Negli ultimi giorni i riflettori sono stati tutti puntati sulle vicende del centrodestra. Tra gli alti e bassi di Nello Musumeci, la questione relativa al tecnico Tuccio D’Urso e alle sue animate denunce di fuoco amico, fino alla candidatura di rottura di Gianfranco Miccichè: tutti elementi che insieme disegnano uno scenario tutt’altro che tranquillo, in cui la necessità per questioni di opportunità di andare al voto uniti in un’unica coalizione appare spesso più come un pesante obbligo piuttosto che un desiderio condiviso. Ma se Sparta piange, Atene di certo non ride, con un Centrosinistra che aspettava le elezioni del presidente della repubblica per passare a discorsi più interlocutori e che, invece, è scivolato nel pantano delle polemiche interne, con l’unità del campo largo che oggi appare cosa più declamata che reale.
Una confusione che riguarda tutti i livelli: dalle voci vicine ad ambienti di Forza Italia che parlano di una proposta concreta di accordo da parte del Partito Democratico, rigettata – dicono – per rispetto degli alleati storici, alle aperture ventilate all’interno del Movimento 5 stelle, ma non condivise nemmeno dall’intera guardia dei parlamentari grillini, all’insegna del mito di un modello Draghi che però di fatto escluderebbe in maniera netta una parte della coalizione, specie quella più a sinistra e che neanche sulle sponde del Centrodestra è visto con troppo entusiasmo.
Cartina tornasole è la situazione palermitana: i candidati ci sono, anzi, ci sarebbero, ma tutti quelli venuti allo scoperto non godono della totale condivisione da parte del campo largo, motivo per cui da più parti arriva la richiesta di ricorrere alle primarie per la decisione finale.
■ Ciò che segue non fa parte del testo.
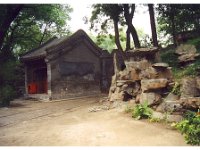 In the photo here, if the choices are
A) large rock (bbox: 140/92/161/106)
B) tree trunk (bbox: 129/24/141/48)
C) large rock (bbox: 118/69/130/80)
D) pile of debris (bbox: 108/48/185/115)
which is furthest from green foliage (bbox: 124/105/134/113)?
tree trunk (bbox: 129/24/141/48)

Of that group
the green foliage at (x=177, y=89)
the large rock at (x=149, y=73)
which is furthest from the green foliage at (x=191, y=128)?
the large rock at (x=149, y=73)

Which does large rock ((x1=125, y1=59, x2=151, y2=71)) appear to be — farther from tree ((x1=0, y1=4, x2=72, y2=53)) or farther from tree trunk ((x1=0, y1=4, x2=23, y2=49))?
tree ((x1=0, y1=4, x2=72, y2=53))

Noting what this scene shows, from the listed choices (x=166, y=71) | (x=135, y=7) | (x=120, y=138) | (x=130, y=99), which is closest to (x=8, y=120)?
(x=130, y=99)

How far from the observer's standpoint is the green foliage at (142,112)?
35.0 feet

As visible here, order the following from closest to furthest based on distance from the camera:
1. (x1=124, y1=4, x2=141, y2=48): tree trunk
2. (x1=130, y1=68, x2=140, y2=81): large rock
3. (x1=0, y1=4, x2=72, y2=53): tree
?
(x1=130, y1=68, x2=140, y2=81): large rock → (x1=124, y1=4, x2=141, y2=48): tree trunk → (x1=0, y1=4, x2=72, y2=53): tree

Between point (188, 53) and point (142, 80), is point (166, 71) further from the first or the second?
point (188, 53)

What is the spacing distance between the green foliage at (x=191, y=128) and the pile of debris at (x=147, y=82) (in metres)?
Result: 1.06

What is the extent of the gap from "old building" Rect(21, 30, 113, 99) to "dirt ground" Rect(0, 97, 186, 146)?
301 inches

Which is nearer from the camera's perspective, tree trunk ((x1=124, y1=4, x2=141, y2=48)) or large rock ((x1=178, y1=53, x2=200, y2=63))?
large rock ((x1=178, y1=53, x2=200, y2=63))

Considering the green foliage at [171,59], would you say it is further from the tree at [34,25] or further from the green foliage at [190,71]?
the tree at [34,25]

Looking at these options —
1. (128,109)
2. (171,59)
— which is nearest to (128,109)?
(128,109)

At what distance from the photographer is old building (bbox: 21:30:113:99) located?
66.6 ft

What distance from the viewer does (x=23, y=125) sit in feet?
38.5

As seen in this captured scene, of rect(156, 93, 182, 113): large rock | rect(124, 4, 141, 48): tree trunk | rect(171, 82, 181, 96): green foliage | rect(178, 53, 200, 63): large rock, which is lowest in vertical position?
rect(156, 93, 182, 113): large rock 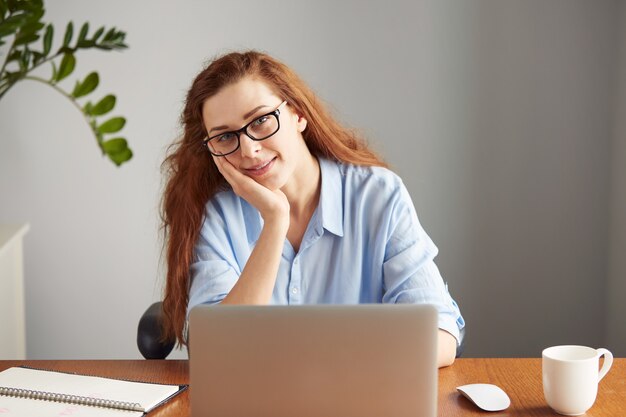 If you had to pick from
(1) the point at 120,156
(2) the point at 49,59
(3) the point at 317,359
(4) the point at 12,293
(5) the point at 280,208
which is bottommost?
(4) the point at 12,293

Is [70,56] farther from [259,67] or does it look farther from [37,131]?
[37,131]

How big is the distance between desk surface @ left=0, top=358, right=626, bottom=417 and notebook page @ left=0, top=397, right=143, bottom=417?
65 millimetres

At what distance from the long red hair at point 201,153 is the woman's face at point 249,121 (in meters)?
0.03

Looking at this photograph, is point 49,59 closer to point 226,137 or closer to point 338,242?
point 226,137

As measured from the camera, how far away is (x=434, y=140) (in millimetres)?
2947

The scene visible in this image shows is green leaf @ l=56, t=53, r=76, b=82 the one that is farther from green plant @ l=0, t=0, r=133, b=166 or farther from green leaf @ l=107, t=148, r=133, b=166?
green leaf @ l=107, t=148, r=133, b=166

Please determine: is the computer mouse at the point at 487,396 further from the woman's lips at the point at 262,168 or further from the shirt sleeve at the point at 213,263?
the woman's lips at the point at 262,168

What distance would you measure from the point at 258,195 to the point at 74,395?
2.01 ft

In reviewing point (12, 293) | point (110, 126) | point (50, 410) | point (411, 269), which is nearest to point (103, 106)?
point (110, 126)

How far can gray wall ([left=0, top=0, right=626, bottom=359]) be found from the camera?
286 cm

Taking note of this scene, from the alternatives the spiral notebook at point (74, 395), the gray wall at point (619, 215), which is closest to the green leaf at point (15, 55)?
the spiral notebook at point (74, 395)

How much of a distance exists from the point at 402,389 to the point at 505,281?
6.32 ft

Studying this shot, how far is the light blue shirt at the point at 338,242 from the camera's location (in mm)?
1902

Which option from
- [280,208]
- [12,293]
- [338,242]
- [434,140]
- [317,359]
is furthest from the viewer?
[434,140] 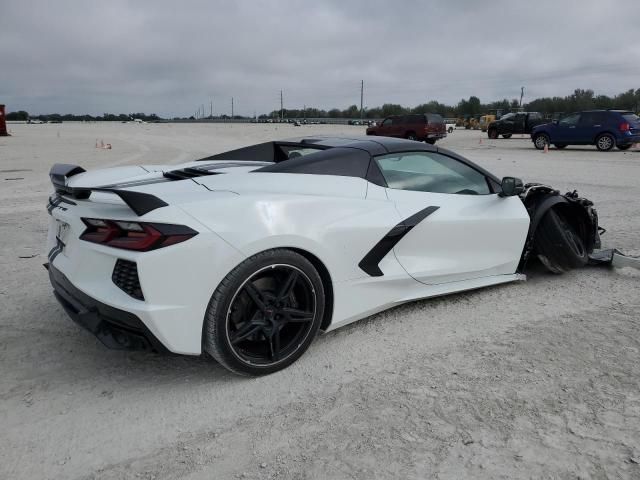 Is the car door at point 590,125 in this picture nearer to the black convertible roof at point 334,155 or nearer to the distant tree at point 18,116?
the black convertible roof at point 334,155

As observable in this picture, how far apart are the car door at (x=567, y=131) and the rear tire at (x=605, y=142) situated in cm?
81

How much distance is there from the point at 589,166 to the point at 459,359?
1335 centimetres

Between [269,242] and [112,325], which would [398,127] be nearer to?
[269,242]

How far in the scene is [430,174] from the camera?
3.64 m

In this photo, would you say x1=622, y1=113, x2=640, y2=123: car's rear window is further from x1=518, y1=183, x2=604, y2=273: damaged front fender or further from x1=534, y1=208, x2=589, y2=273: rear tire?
x1=534, y1=208, x2=589, y2=273: rear tire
Primarie che sono praticamente marchio registrato del Partito democratico, che non perde l’occasione per rivendicarne la paternità, ma che si mostra sempre attendista quando si tratta di prendere una posizione in merito. Intanto frange del Pd palermitano cercano nuove aperture del campo largo e qui i contatti con Forza Italia sono più di una voce, tanto da suscitare ripetute volte la disapprovazione di Giusto Catania, assessore orlandiano e tra gli alfieri dell’Unità per Palermo, che raduna il grosso delle anime della sinistra civica ed ecologista cittadina.
Disapprovazioni che hanno portato anche a uno scambio di battute piuttosto acceso tra l’assessore e il dirigente democratico Marco Guerriero, che non è andato tanto per il sottile nei confronti di Catania: «L’unico fallimento di cui Catania dovrebbe parlare è quello del Comune di Palermo che proprio il governo Draghi ha evitato» dice, rimarcando la necessità di un percorso alternativo rispetto a quello segnato da Leoluca Orlando. La risposta di Catania non si è fatta tuttavia attendere: «Qualcuno può spiegare al responsabile Enti locali del Pd in Sicilia che a Palermo il sindaco Orlando e sette assessori sono iscritti al suo partito? C’è qualche problema di serietà se chi governa la città attacca l’amministrazione comunale, addirittura chiedendo discontinuità per il futuro». Intanto il tempo scorre inesorabile, specie per le Amministrative, che arriveranno a giugno e per le quali ogni giorno che passa allontana quanto meno la possibilità di organizzare primarie e campagna elettorale in tempi utili.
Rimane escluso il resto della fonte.